Ora possiamo attendere che sbarchino e iniziare con le solite sceneggiate: “dovevate prenderli“, “dovevate affondarli“, “sono dei poveri Cristi come noi nell’Ottocento“, “sono dei banditi che vengono a delinquere” . Possiamo anche far finta di accoglierli e spedirli dai caporali della Puglia e della Campania (caporali non esclusivamente nazionali come registrano le cronache) per raccogliere i pomodori, l’uva da tavola sotto i tendoni, i carciofi… e peggio per loro se dormiranno nelle baracche e verranno sfruttati come schiavi e prostitute.
Possiamo fare questo, col sottofondo di ONG e sinistra ZTL che ci fracasseranno gli zebedei con le nostre colpe, oppure iniziare ad uscire dall’emergenza e pianificare questi 700mila arrivi. Arrivi in Europa e non in Italia (che non è una meta ideale neppure per questi…). Quindi, banalmente, come ce li dividiamo? siamo in 27 associati all’Unione, ma quelli dell’Est hanno da sciropparsi praticamente da soli tutti i profughi dell’Ucraina. Quindi, di 27 ne restiamo appena 16. Vuol dire 43.750 irregolari a testa. Per l’Italia, uno ogni per ogni mille371 abitanti attuali (compresi gli immigrati già accolti). Sono 5,5 immigrati in più per singolo Comune. Questo, ovviamente, se tutti i Paesi dell’Europa non-orientale accettano questo fardello.

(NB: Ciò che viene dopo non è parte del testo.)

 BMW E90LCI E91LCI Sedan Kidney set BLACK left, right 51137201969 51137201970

Se così fosse, non sarebbe impossibile da gestire. Ma queste persone costano. Costa il loro recupero/salvataggio in mare (Guardia costiera, GDF e volontariato non lavorano gratis e navigare costa tonnellate di carburante al giorno per singola unità in mare). Costa accoglierli, dar loro cibo e vestiti, assistenza sanitaria, alloggio, scuole per i bambini e gli adolescenti; costa dar loro l’argent-de-poche per le loro piccole spese. Diciamo che gli diamo il reddito di cittadinanza moltiplicato per tre, cioè un euro dato singolarmente a loro a noi ne costa il doppio. Ci sta, no? sono 1,5-2 miliardi di uscite l’anno. Per i 16 Paesi che partecipano fanno 30-35 miliardi a carico dei contribuenti. Chi li caccia? l’Europa è la prima indiziata, ma già deve far fronte agli Ucraini, ai migranti che passano dalla rotta balcanica e dallo stretto di Gibilterra, a pagare il pizzo alla Turchia, alla Tunisia, alla Libia e agli stati sub-sahariani che foraggiamo (non si sa bene per cosa dato che da lì continuano a scappare tutti…).

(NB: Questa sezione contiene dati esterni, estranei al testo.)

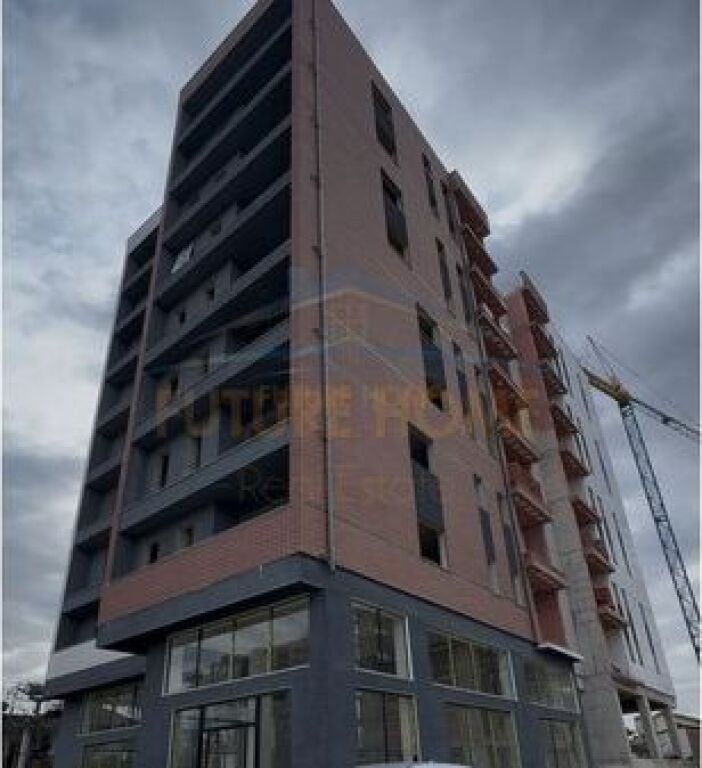 Shitet, Apartament 1+1, Fusha e Aviacionit, Tiranë.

Dove recupera questi soldi l’Europa? Dall’IVA sulle transazioni commerciali intraeuropee o dai bilanci dei singoli Stati nazionali. Vogliono i contribuenti italiani altri 1,5, forse 2, forse di più, miliardi di tasse? Vogliono i contribuenti austriaci, danesi, portoghesi ecc mettere mano al portafoglio?.
Se sì, li prendiamo volentieri. Se no, Bruxelles può attendersi una nuova maggioranza dalle elezioni del prossimo anno e una politica di porte chiuse modello Regno Unito. Col costo sociale e umano che possiamo attenderci. Questa domanda, ai cittadini europei, andrebbe posta dato che la sovranità appartiene a loro e non ai Governi nazionali o alle ONG.
Soprattutto, dovrebbe finire questo vergognoso sciacallaggio politico sulla pelle dei poveracci. L’Europa dica chiaramente se li vuole o no; se li può mantenere oppure no. E deve finire l’ammuina delle sinistre europee pronte a scaricare sugli altri il costi delle proprie ideologie. In alternativa, dovrebbero mettere mano al portafoglio e invece della nuova Tesla comprarsi una Fiat a benzina e donare quanto risparmiato al mantenimento degli immigrati.